Protecting plain wire from rust

David Love davidlovepianos at comcast.net
Sat Mar 25 08:06:18 MST 2006


I use Protek while stringing on a rag to wipe along the length of the
strings after installing each group of unisons.  I'm especially careful to
get coverage along where the trichord dampers will contact the lower tenor
area to help prevent corrosion under the dampers and inhibit the development
of whooshing.  Since I'm still using Roslau wire (haven't switched over to
Mapes Gold Wire yet) and it's fairly dirty, it does clean off that blackish
film and might leave a "Protektive" coating for awhile.  I'm not sure if it
really does anything in the long run or not but I figure it couldn't hurt.

I agree that it does help rendering and often use it in the same manner as
you describe.

David Love
davidlovepianos at comcast.net 

-----Original Message-----
From: pianotech-bounces at ptg.org [mailto:pianotech-bounces at ptg.org] On Behalf
Of Mark Schecter
Sent: Friday, March 24, 2006 9:16 PM
To: Pianotech
Subject: Protecting plain wire from rust

Hi, all. Here's something I've been wondering about.

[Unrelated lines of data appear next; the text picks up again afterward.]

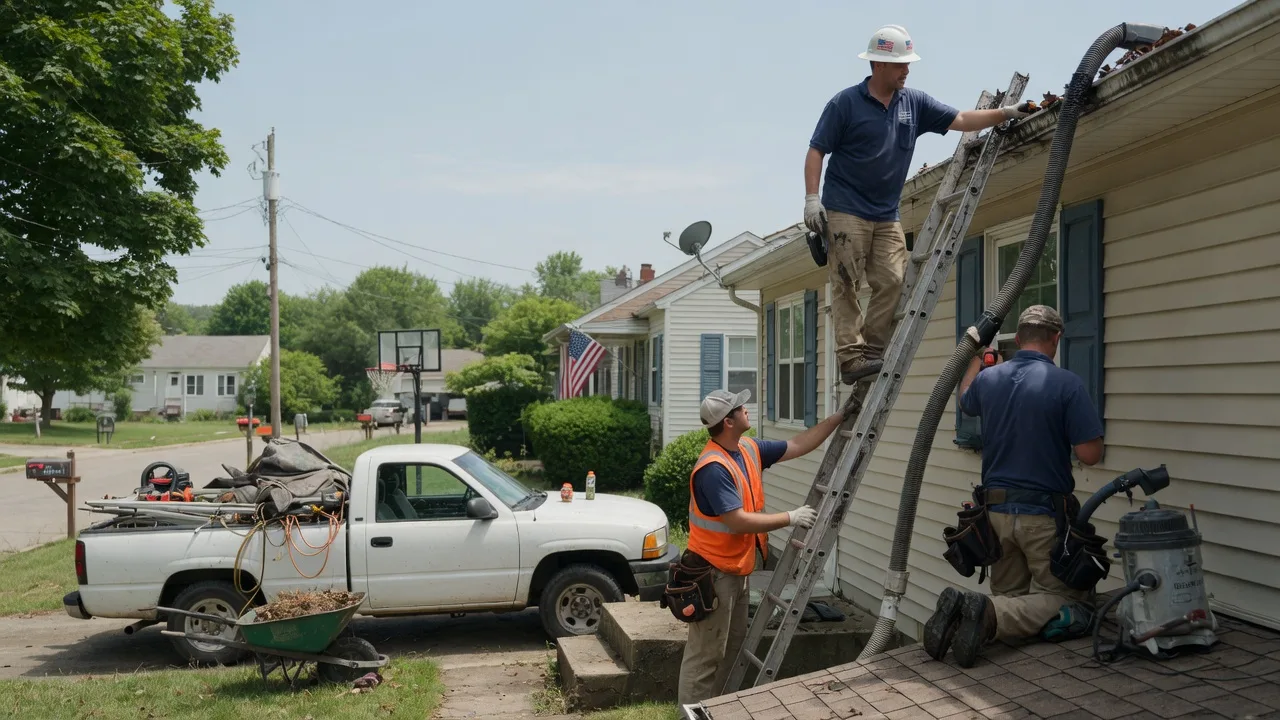 Gutter Installation in Cross Lanes, WV near me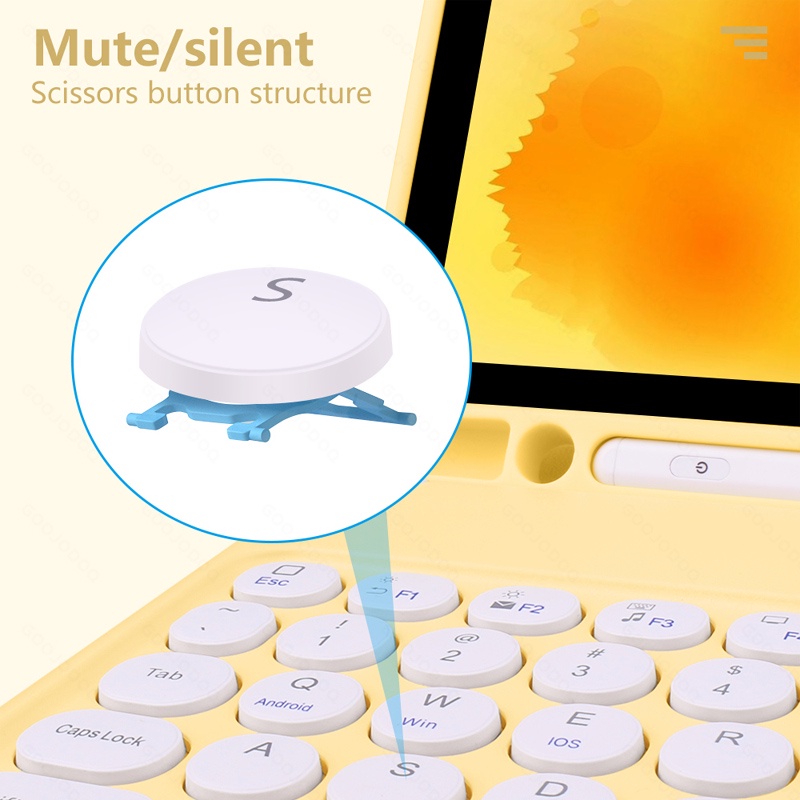 Ốp Máy Tính Bảng Da PU Có Bàn Phím Bluetooth Cho Lenovo Tab P11 TB-J606F P11 plus J616F P11 Pro 11.5 "TB-J706F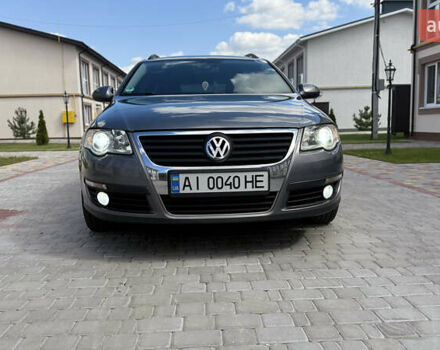 Сірий Фольксваген Пассат, об'ємом двигуна 1.6 л та пробігом 253 тис. км за 6300 $, фото 31 на Automoto.ua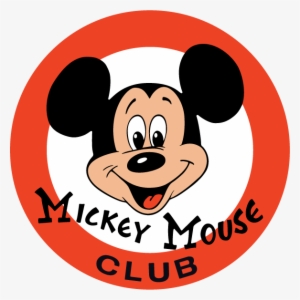 Mickey Mouse Clubhouse Logo Font - Mickey Mouse In The 1950s #2765472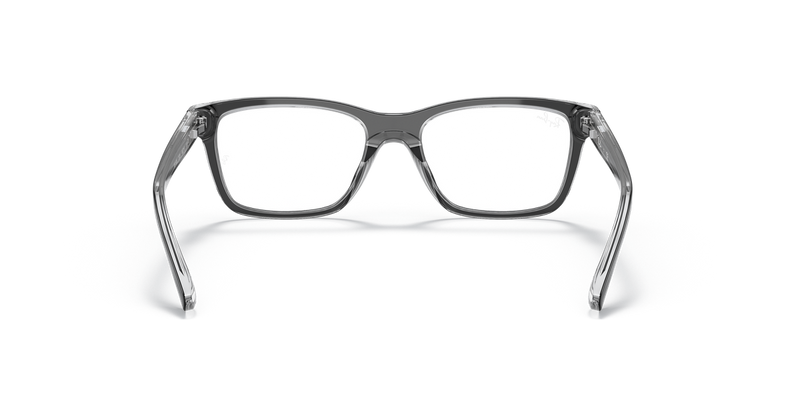 Ray-Ban Youth 0RY1536 in Black On Transparent - Alternate View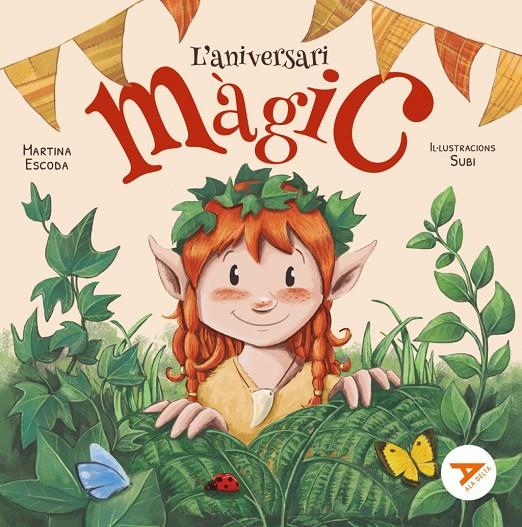 L'aniversari màgic | 9788447955725 | Escoda Margenat, Martina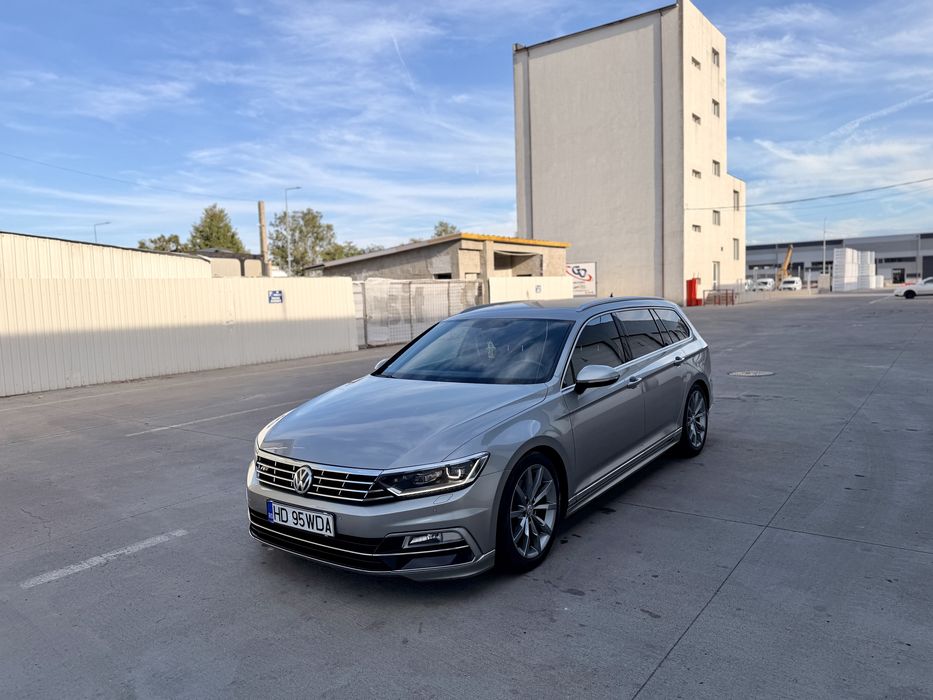 VW Passat B8 R-Line 2.0 TDI 190 CP DSG 6 | Dynaudio | H&R | CarPlay |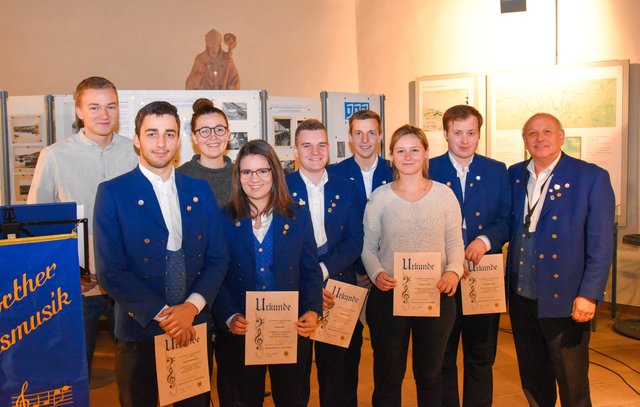 10 Jahre aktiv im Musikverein Wörth | Foto: Bedeutung der Musikvereine für unsere Kultur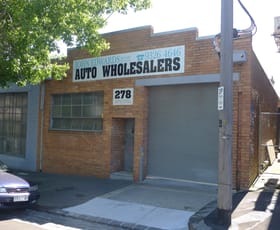 Factory, Warehouse & Industrial commercial property leased at 278 Rosslyn Street West Melbourne VIC 3003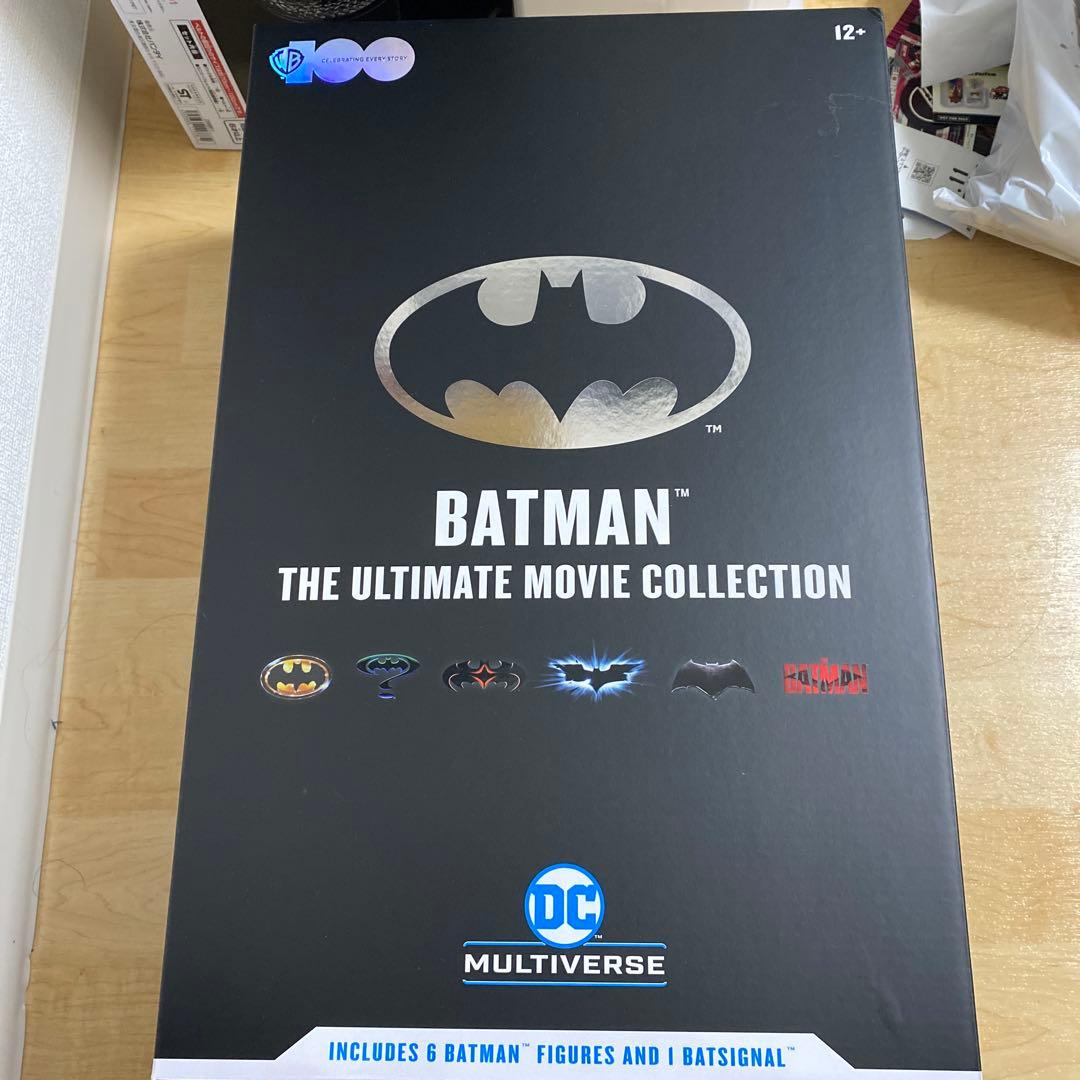 dcマルチバース バットマン　6パック Batman™ The Ultimate Movie Collection 6 Pack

In pianos with rusty strings, I use Protek on the strings where they 
pass under the capo, and where they pass through the agraffes, as well 
as on the counterbearing felt, to help ease rendering. It works, and 
seems to keep on working for at least a few months, maybe longer. I have 
often wondered if there is any substance (such as, oh, maybe, Protek?) 
that people use on clean, shiny strings to prevent rust or tarnish ever 
developing? I could imagine taking whole rolls of wire and dipping it in 
a bath of XYZ-stuff before stringing, or sponging it on in the piano.

We are instructed to coat practically every other metal surface in every 
device in our lives (think car) with something or other, so why not 
piano strings? I guess we could expand the question to include 
copper-wound bass strings, too, if anyone has any thoughts about those. 
I'm interested to hear people's ideas.